* **Problem to work on**
Each line of the data below goes into the copy exactly; pictures do not.

* **Supplied information**
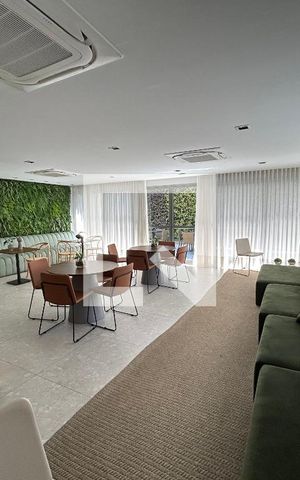Apartamento para alugar com 100m², 3 quartos e 2 vagas Apartamento para alugar com 100m², 3 quartos e 2 vagasÁrea comum - Salão de festas
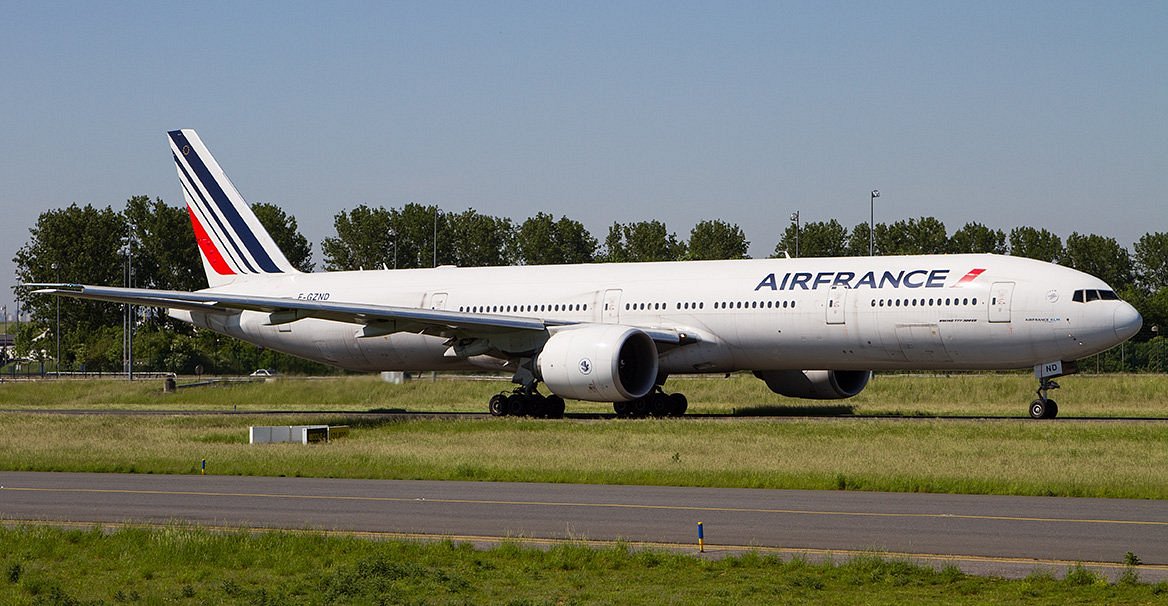 @AIR FRANCE 24/7 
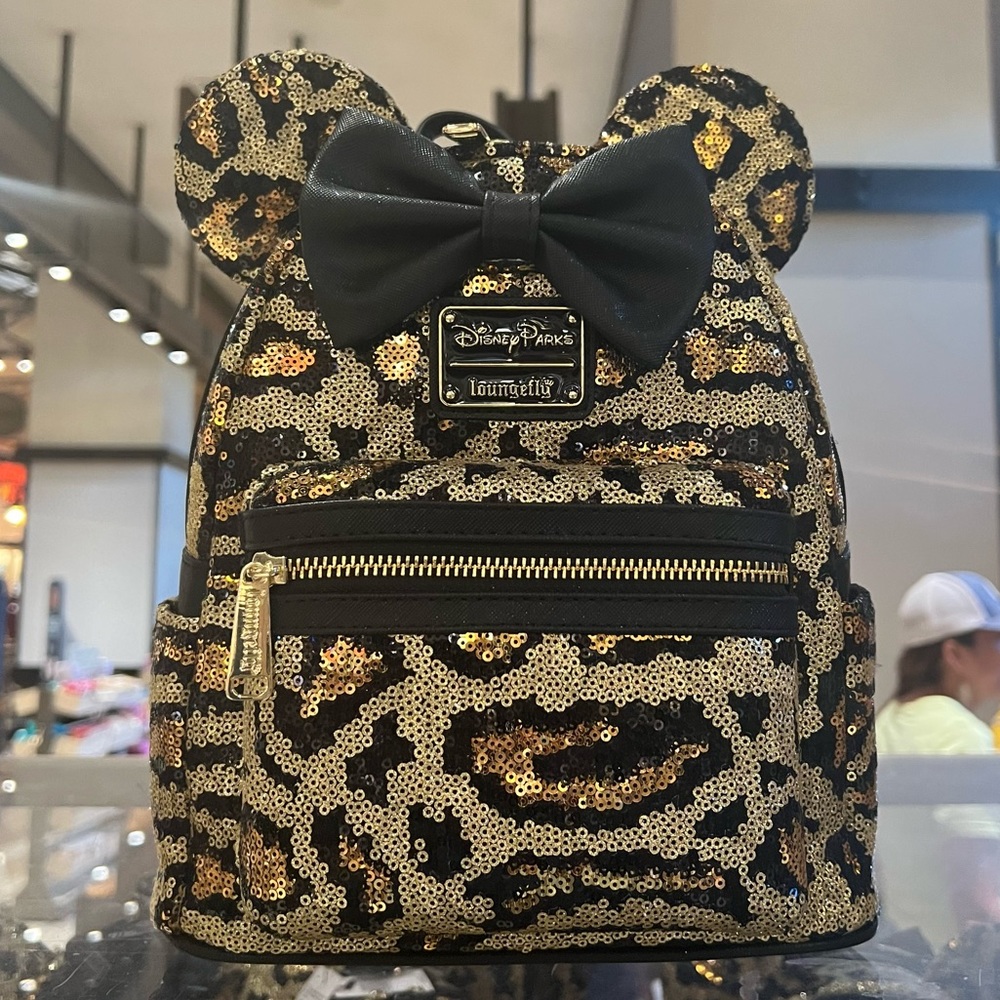 NWT Disney Parks Loungefly Animal Kingdom Sequin Leopard Cheetah Minnie Backpack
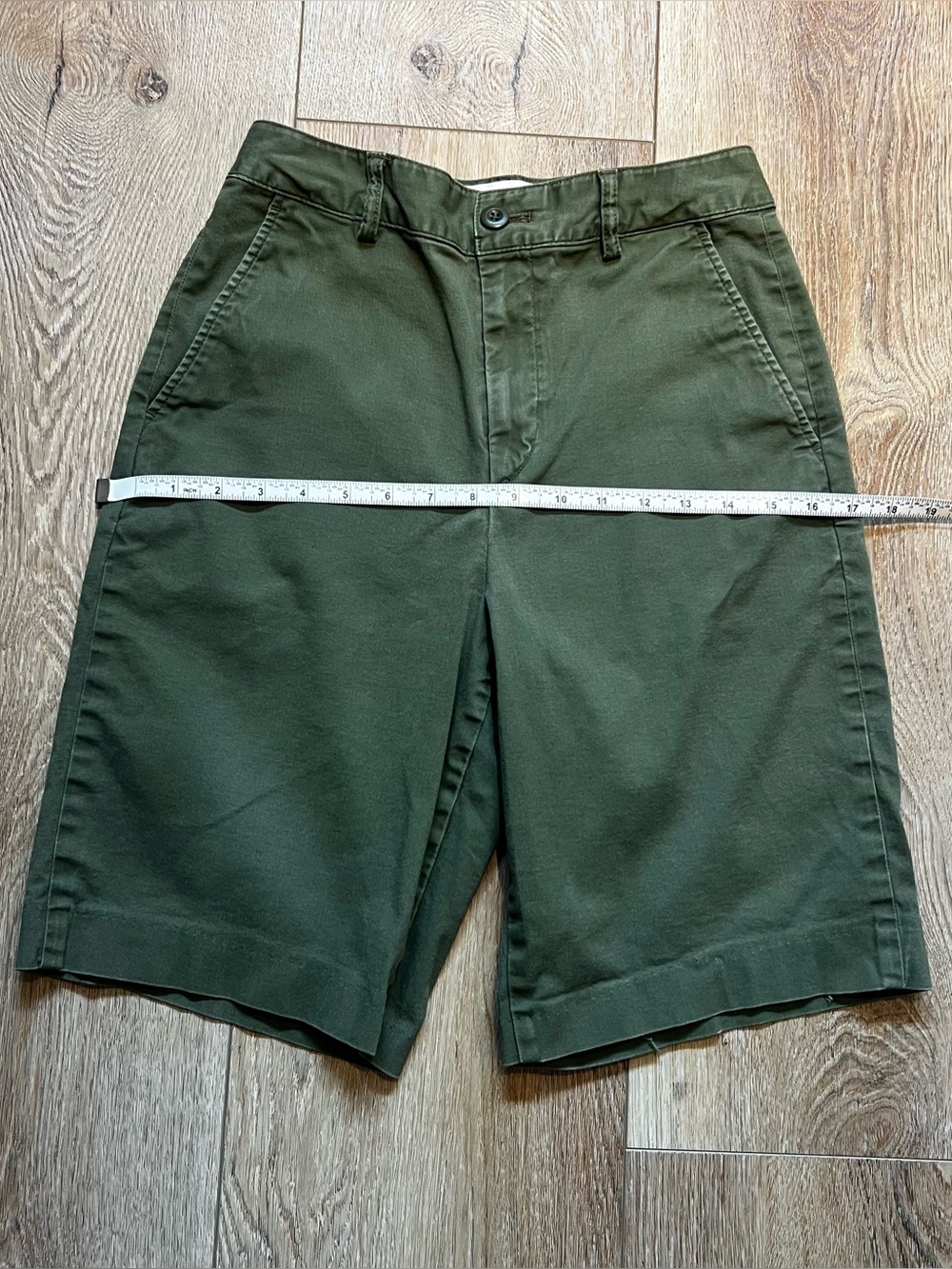 Uniqlo High-waisted Bermuda Chino Shorts | Size 4 | Army Green Color - Picture 4 of 9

* **Solution for this problem**
Apartamento para alugar com 100m², 3 quartos e 2 vagas Apartamento para alugar com 100m², 3 quartos e 2 vagasÁrea comum - Salão de festas
 @AIR FRANCE 24/7 
 NWT Disney Parks Loungefly Animal Kingdom Sequin Leopard Cheetah Minnie Backpack
 Uniqlo High-waisted Bermuda Chino Shorts | Size 4 | Army Green Color - Picture 4 of 9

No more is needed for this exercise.